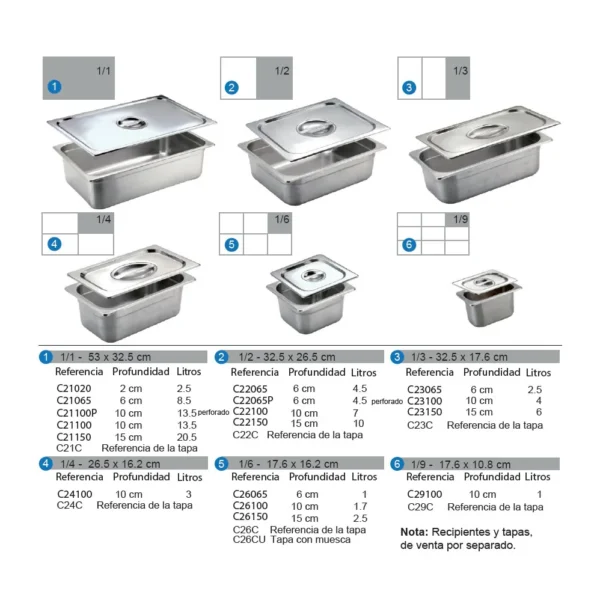 1 AZAFATES EN ACERO INOXIDABLE Diseno Azafates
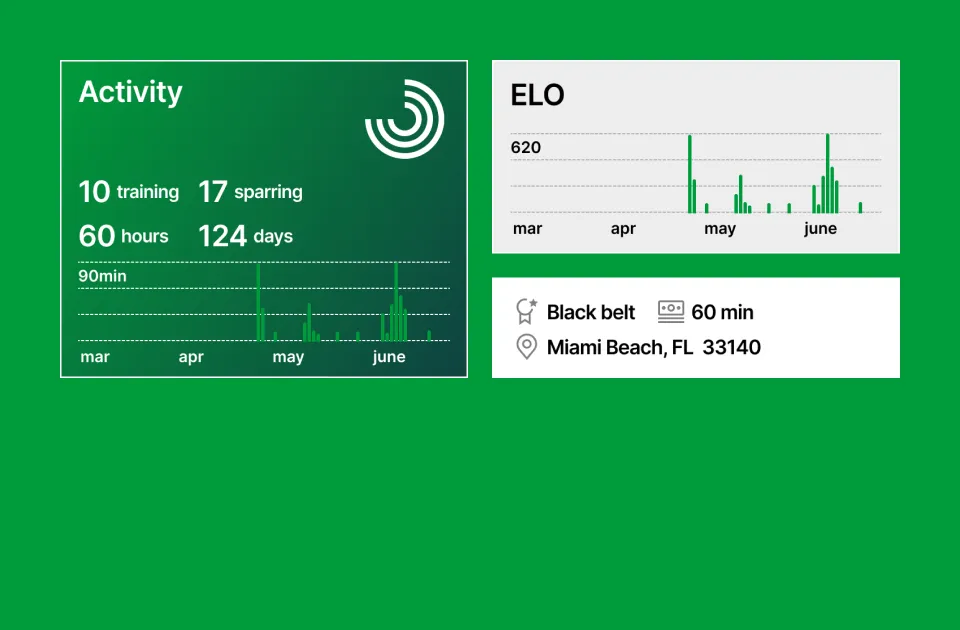 Point Based Ranking System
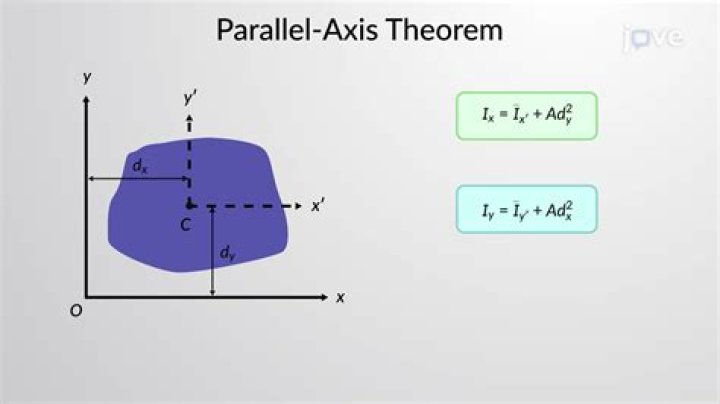 complex and real spectral theorem for matrices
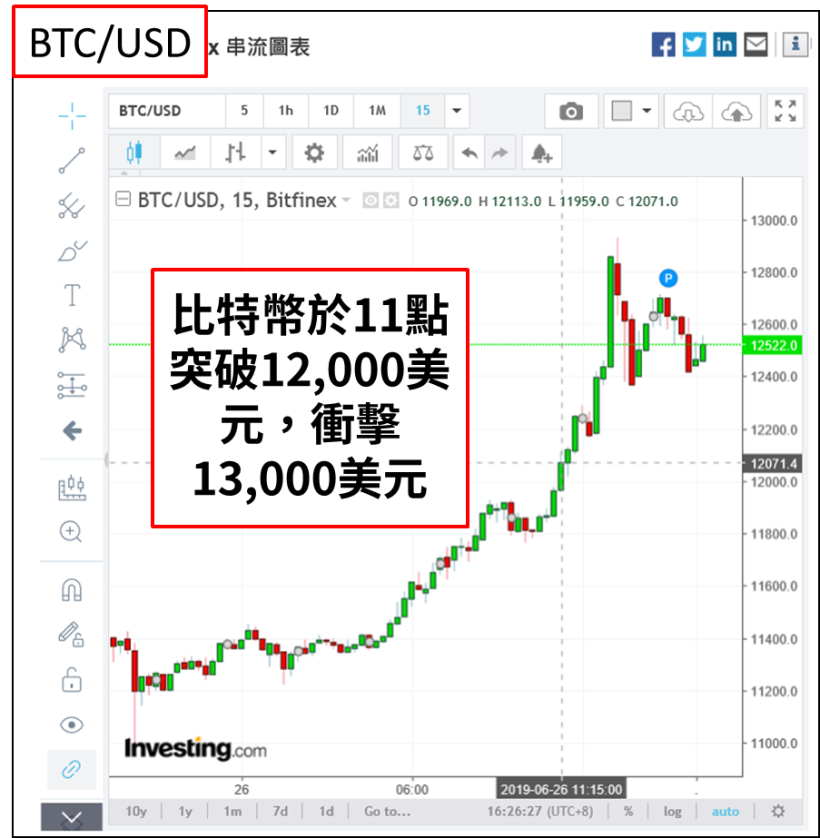 比特幣擊破 12000 美元，引爆「7 檔」概念股出列，下半年 Q3 新主流！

===============

» Your task: In the listing, find the line with "Point Based Ranking System" and retype exactly from there through the last line, both included, leaving the pictures out.

» Response area:
 Point Based Ranking System
 complex and real spectral theorem for matrices
 比特幣擊破 12000 美元，引爆「7 檔」概念股出列，下半年 Q3 新主流！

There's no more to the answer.